PON 2016, Pelaku UKM Jabar Harapkan Keberpihakan Pemerintah

Oleh: Yuga Khalifatusalam

Pembukaan PON XIX/2016 Masih Belum Bisa Dipastikan Digelar di Bandung
Foto net

Jurnal Bandung – Komunitas Wirausaha Tangan Di Atas (TDA) Bandung siap mendukung suksesi Pekan Olahraga Nasional (PON) XIX/2016 di Jawa Barat. Salah satunya dengan mempersiapkan diri untuk memenuhi kebutuhan masyarakat di luar pertandingan PON.

Ketua TDA Bandung Ibrahim Bafaqih mengatakan, dengan berbagai latar belakang usaha yang dimiliki anggotanya, TDA bisa mengambil peran dalam menyukseskan ajang olahraga empat tahunan tersebut.

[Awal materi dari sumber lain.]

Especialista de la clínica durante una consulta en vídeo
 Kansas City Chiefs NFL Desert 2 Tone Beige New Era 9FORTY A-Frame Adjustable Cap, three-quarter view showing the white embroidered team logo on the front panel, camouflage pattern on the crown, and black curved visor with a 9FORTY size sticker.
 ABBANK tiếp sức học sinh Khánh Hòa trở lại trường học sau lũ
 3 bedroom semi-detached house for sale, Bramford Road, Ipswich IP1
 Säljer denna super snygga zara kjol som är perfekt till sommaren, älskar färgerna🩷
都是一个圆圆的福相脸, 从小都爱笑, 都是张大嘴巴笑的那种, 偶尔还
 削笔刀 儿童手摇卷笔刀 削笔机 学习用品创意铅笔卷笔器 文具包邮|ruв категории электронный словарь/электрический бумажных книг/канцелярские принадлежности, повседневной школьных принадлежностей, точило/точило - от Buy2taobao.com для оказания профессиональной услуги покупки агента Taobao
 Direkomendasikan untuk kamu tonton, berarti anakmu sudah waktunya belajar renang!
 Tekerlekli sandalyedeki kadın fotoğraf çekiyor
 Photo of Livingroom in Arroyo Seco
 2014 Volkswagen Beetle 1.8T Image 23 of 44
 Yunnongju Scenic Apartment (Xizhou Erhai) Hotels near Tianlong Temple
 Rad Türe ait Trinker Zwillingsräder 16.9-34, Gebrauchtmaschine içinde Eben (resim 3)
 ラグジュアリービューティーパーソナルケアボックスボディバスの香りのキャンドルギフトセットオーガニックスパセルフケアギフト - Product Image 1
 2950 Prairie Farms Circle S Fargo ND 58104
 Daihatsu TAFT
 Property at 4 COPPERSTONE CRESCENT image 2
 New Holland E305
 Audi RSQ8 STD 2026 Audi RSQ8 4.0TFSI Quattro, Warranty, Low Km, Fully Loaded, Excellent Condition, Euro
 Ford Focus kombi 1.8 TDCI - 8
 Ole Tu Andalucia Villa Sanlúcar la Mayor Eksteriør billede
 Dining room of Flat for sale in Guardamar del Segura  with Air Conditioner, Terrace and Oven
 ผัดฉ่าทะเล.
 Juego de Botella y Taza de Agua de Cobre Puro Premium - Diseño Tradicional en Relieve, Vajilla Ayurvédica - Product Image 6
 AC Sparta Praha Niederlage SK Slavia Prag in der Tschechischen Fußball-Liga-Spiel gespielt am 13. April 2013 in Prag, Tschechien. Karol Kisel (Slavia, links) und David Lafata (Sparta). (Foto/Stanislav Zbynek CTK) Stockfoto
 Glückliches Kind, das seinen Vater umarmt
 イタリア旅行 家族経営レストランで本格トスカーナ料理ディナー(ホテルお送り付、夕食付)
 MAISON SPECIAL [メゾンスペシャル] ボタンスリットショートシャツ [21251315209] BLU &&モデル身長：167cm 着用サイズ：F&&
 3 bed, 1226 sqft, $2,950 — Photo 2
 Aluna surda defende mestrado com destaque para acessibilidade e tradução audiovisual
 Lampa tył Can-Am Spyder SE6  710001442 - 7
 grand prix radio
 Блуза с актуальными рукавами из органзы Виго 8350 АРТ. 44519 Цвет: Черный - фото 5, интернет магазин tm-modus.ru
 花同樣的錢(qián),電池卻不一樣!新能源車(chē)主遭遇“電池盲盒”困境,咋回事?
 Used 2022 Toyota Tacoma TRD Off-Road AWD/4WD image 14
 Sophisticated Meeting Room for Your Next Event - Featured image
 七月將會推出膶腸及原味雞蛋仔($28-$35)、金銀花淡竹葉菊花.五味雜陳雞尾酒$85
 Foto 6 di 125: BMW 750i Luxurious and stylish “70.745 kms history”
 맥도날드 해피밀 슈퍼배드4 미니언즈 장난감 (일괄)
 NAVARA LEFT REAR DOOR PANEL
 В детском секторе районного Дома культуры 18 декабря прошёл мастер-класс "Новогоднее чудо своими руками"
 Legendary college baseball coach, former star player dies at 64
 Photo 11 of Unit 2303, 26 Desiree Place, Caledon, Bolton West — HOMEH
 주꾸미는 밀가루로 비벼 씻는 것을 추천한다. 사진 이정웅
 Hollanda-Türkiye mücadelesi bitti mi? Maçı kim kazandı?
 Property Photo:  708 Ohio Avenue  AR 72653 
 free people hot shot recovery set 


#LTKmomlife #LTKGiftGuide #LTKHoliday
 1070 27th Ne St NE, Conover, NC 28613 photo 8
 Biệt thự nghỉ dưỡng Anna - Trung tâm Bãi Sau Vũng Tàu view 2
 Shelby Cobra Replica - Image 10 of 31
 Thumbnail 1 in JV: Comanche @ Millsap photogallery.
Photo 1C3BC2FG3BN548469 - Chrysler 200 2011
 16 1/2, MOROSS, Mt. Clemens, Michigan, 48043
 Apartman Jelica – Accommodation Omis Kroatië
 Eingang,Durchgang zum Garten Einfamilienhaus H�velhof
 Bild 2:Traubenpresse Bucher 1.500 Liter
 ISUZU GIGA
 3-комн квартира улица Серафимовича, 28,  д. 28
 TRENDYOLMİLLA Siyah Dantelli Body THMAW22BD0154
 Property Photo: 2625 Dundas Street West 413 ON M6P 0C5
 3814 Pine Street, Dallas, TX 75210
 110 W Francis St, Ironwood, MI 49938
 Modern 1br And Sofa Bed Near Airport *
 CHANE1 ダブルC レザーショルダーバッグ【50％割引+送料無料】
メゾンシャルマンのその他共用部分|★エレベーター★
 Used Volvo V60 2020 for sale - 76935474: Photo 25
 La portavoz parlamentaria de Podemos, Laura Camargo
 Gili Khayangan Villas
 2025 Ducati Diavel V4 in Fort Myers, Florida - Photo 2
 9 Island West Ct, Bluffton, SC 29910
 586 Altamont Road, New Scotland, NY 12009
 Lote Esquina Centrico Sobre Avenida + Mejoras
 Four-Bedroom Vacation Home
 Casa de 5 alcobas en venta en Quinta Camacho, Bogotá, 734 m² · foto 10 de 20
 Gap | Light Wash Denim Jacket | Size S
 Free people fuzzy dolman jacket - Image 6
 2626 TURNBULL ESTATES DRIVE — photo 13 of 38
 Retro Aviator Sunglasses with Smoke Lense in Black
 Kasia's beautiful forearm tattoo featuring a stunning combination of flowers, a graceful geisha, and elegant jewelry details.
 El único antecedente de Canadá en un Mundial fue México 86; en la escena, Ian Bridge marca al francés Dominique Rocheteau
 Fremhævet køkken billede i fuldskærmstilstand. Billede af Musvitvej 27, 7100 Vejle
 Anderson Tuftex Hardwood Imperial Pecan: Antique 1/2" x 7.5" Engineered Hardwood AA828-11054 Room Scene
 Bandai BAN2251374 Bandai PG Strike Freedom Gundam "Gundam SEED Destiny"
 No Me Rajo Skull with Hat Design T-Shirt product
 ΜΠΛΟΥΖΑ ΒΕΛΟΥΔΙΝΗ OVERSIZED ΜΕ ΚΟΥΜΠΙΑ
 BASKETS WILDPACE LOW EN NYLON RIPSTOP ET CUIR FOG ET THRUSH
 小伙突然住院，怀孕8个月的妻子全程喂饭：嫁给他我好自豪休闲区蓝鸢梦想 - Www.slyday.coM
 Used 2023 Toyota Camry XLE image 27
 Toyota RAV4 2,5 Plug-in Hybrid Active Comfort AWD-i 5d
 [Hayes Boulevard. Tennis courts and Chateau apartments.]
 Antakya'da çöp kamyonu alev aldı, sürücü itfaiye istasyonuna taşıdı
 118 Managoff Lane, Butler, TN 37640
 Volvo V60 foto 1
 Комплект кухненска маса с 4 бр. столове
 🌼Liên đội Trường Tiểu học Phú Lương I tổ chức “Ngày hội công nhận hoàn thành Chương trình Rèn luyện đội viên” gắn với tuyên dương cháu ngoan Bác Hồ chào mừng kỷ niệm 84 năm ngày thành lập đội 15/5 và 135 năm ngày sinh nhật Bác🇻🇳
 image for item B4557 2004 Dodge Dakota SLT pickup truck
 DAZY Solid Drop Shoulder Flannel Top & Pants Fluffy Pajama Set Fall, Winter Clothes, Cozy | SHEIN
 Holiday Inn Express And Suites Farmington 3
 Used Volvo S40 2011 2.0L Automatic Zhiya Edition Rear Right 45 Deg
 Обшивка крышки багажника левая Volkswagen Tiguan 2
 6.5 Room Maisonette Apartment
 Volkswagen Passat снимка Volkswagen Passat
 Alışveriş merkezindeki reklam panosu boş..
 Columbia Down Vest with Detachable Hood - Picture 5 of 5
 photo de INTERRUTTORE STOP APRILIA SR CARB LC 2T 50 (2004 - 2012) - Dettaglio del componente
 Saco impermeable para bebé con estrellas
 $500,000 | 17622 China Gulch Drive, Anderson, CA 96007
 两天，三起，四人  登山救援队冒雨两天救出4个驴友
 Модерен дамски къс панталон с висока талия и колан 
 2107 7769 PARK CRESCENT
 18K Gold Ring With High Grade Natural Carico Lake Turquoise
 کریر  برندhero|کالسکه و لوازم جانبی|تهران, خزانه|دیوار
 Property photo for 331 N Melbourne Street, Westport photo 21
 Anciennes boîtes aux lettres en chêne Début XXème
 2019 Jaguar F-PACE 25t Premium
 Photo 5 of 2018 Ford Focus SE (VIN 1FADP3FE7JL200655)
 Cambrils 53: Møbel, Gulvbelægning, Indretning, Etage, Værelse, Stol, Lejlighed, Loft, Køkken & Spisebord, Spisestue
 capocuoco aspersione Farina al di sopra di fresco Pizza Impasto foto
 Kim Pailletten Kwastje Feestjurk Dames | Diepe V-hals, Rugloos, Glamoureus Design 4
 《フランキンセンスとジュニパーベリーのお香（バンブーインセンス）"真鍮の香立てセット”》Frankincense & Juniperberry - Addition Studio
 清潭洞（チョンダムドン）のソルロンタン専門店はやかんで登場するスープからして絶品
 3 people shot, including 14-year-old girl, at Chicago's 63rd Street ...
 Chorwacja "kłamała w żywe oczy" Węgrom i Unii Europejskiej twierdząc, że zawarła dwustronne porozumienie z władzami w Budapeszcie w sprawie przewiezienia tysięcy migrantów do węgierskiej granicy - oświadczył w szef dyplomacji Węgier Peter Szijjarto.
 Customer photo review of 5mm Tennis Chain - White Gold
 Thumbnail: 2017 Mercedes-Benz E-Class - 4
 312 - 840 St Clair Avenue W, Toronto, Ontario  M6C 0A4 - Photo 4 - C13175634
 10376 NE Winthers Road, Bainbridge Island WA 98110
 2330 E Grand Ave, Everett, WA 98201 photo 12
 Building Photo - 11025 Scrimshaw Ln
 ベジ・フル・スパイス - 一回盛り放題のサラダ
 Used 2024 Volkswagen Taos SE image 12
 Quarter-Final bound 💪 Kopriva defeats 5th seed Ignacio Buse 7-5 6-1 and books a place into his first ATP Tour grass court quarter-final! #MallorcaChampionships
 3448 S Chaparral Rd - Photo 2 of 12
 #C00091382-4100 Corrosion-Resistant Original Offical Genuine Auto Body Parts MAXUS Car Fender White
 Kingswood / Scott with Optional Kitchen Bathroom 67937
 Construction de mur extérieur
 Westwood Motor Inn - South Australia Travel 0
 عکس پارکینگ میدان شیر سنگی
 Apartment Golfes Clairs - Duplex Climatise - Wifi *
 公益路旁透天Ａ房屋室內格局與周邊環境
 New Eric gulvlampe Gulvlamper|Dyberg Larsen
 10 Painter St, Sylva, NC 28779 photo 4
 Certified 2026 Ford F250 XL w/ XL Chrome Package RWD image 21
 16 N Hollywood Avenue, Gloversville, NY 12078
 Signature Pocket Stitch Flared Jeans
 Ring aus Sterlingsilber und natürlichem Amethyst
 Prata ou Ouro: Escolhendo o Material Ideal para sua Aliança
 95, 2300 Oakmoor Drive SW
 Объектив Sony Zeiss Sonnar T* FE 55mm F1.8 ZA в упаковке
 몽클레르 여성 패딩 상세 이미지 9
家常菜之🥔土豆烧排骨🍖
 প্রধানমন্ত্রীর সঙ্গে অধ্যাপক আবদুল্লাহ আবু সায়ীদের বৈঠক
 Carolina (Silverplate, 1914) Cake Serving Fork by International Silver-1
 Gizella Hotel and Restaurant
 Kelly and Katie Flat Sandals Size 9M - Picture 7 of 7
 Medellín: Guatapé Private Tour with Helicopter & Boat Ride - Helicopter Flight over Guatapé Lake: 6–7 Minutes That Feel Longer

Sebagai contoh, pihaknya siap memasarkan merchandise PON ke masyarakat. Pernak-pernik mulai dari kaos, maskot, hingga lainnya siap diproduksi untuk memenuhi antusias penonton. Tidak hanya itu, anggota TDA pun siap memfasilitasi transportasi bagi penonton yang berasal dari luar Jabar.

“Anggota kami ada juga yang bergerak di bidang travel. Jadi bisa menyiapkan paket-paket menarik untuk penonton dari luar yang ingin ke Jabar,” kata Ibrahim kepada Jurnal Bandung, di Bandung, Jumat (27/11).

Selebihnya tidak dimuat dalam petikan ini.